マリンが入団した85−86シーズンのウォリアーズは、嫌な雰囲気が漂うチームだった。そんなチームにマリンは寂しさを募らせていた。マリンは、小学生の頃から練習の虫だった性格が、災厄の事態を招いた。練習が終わってからもシュート練習をしていたマリンに「お前のせいで俺達が悪く見られるんだ。」と、あるベテラン選手が非難の言葉を投げかけた。
孤独と戦う為に、マリンは酒を飲むようになる。彼の家族は皆、酒好きだったし、強かった。父ロッドは、アルコール中毒を意志の力で克服した経歴を持っていた。
マリンはプロに入ってからパッとしない2年間を過ごした。プロに入ってからだんだんと、彼のプレイは乱れていった。オープンの状態でショートチャンスがくれば得点できるが、相手の横を抜いていくことは出来なかった。当然のことディフェンスも出来なかった。ウォリアーズの革命を徐々に進めていたヘッドコーチのドン・ネルソンは、87年12月、マリンにアルコール中毒の問題があるとズバリ指摘した。マリンは「酒を飲まずに2ヶ月は過ごせる」などと言って否定した。2日後の試合後、マリンがバーで酔っぱらっている所をファンに見られてしまった。ファンはネルソンに電話でその事を報告した。マリンは練習を2回休み、12月10、ネルソンは彼を出場停止処分にする。さらに2日後、ネルソンはマリンを故障者リストに入れた。
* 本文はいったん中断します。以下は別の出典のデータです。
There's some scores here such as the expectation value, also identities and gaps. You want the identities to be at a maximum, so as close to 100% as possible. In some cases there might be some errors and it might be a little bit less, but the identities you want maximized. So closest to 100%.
マリンはアルコール中毒と克服する為にクリスマスと新年を、ロサンゼルスにあるクリニックの小さな部屋で過ごした。プログラムは無事終了した。30日間バスケットボールに触れることなく家に戻ったマリンは、ウォリアーズのトレーナーとともに少しトレーニングを行い、91本続けてフリースローを決めた。その時、マリンの体重は111キロで、体脂肪率は16%だった。彼は自分の体を絞ることを決意した。
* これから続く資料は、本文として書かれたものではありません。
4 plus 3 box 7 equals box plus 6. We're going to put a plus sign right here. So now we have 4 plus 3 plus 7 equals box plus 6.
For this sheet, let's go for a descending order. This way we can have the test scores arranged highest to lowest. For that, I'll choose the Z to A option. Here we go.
マリンは練習中毒になって、トレーニングに励んだ。毎日の様に、午前6時30分に起床し、8kgのランニング。その後、1時間のステアマスターに、1時間のエアロバイク。水着に着替えると、プールで何往復かしてから軽く昼食をとる。1間半、ウエイト・トレーニングをする。そして、体育館に行き30分間で400本のシュートを放ち、その後、フリースローを200本。実戦の雰囲気を忘れないように、シュートの間はグラボーに相手になってもらった。やがてマリンの201cmの体は97.5kg、体脂肪率6%に絞り込まれた。
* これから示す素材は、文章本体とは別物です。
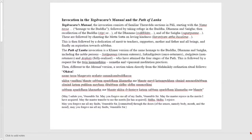In the Manual, this is then followed by a dedication of merit to teachers, supporters, mother, father, all beings, and finally an aspiration towards nirvana. The Path of Lanka invocation is very similar but it is in Khmer, whereas the Manual is in Sinhala — originally possibly in Thai and Mon. The Path of Lanka is very similar except that as well as the Sangha it lists the people who have obtained the path.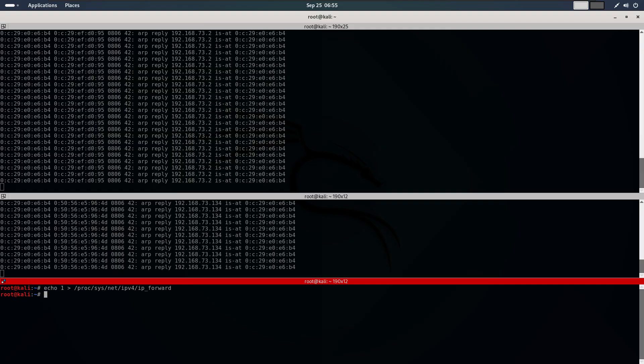That's a quick demo of how to use arpspoof for ARP spoofing attacks. In the next lesson, we will explore more advanced tools and techniques. Stay tuned.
見事に甦ったマリンは、NBAスター街道を突き進んだ。復帰1年目の88−89シーズンは、フィールドゴール成功率が50%を上回り、アベレージも26.5得点を記録、リバウンドは以前に比べてほぼ2倍の数字を上げている。2年目は平均25.1点をマークし、フィールドゴール成功率は53.6%。NBA史上、1ゲームあたり25点以上を得点して、高いシュート成功率をマークした選手はいない。ティム・ハーダウェイが「マリンに回せば、アシストになる。」と言っていた。マリンのジャンプシュートは正確だっだので、チームメイトは「レインアップ!」と呼んだ。
現在ではマリンのトレードマークになっている短く刈り込まれたヘアースタイルにしたのもこの時期である。(昔は結構、髪の毛が長かった。)